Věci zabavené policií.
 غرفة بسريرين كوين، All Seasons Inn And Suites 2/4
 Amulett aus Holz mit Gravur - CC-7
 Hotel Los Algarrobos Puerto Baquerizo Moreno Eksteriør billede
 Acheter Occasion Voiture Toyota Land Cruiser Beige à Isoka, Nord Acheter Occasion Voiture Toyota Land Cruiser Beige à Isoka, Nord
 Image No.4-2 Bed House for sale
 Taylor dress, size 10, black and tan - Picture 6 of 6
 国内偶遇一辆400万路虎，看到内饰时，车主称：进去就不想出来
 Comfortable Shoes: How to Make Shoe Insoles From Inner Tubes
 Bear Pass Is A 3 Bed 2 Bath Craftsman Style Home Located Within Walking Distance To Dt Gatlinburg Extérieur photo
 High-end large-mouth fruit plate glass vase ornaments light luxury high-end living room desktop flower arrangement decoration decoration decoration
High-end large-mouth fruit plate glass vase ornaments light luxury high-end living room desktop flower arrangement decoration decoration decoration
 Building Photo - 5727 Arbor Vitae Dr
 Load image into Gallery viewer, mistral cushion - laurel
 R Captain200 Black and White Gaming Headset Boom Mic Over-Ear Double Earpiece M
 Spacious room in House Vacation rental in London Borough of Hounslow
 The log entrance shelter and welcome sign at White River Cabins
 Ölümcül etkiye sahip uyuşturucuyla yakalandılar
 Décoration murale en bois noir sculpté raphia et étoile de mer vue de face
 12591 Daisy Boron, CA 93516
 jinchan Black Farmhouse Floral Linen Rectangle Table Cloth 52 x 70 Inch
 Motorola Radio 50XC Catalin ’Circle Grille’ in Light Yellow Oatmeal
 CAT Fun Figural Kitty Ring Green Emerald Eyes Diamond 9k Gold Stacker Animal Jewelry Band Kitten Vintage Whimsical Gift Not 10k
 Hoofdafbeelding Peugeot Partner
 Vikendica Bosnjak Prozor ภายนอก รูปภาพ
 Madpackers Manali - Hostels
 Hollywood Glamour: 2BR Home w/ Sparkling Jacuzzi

----------

# WORK INSTRUCTION:
The answer must be the full listing, written out word for word.

# OUTPUT OF THE EXERCISE:
Věci zabavené policií.
 غرفة بسريرين كوين، All Seasons Inn And Suites 2/4
 Amulett aus Holz mit Gravur - CC-7
 Hotel Los Algarrobos Puerto Baquerizo Moreno Eksteriør billede
 Acheter Occasion Voiture Toyota Land Cruiser Beige à Isoka, Nord Acheter Occasion Voiture Toyota Land Cruiser Beige à Isoka, Nord
 Image No.4-2 Bed House for sale
 Taylor dress, size 10, black and tan - Picture 6 of 6
 国内偶遇一辆400万路虎，看到内饰时，车主称：进去就不想出来
 Comfortable Shoes: How to Make Shoe Insoles From Inner Tubes
 Bear Pass Is A 3 Bed 2 Bath Craftsman Style Home Located Within Walking Distance To Dt Gatlinburg Extérieur photo
 High-end large-mouth fruit plate glass vase ornaments light luxury high-end living room desktop flower arrangement decoration decoration decoration
High-end large-mouth fruit plate glass vase ornaments light luxury high-end living room desktop flower arrangement decoration decoration decoration
 Building Photo - 5727 Arbor Vitae Dr
 Load image into Gallery viewer, mistral cushion - laurel
 R Captain200 Black and White Gaming Headset Boom Mic Over-Ear Double Earpiece M
 Spacious room in House Vacation rental in London Borough of Hounslow
 The log entrance shelter and welcome sign at White River Cabins
 Ölümcül etkiye sahip uyuşturucuyla yakalandılar
 Décoration murale en bois noir sculpté raphia et étoile de mer vue de face
 12591 Daisy Boron, CA 93516
 jinchan Black Farmhouse Floral Linen Rectangle Table Cloth 52 x 70 Inch
 Motorola Radio 50XC Catalin ’Circle Grille’ in Light Yellow Oatmeal
 CAT Fun Figural Kitty Ring Green Emerald Eyes Diamond 9k Gold Stacker Animal Jewelry Band Kitten Vintage Whimsical Gift Not 10k
 Hoofdafbeelding Peugeot Partner
 Vikendica Bosnjak Prozor ภายนอก รูปภาพ
 Madpackers Manali - Hostels
 Hollywood Glamour: 2BR Home w/ Sparkling Jacuzzi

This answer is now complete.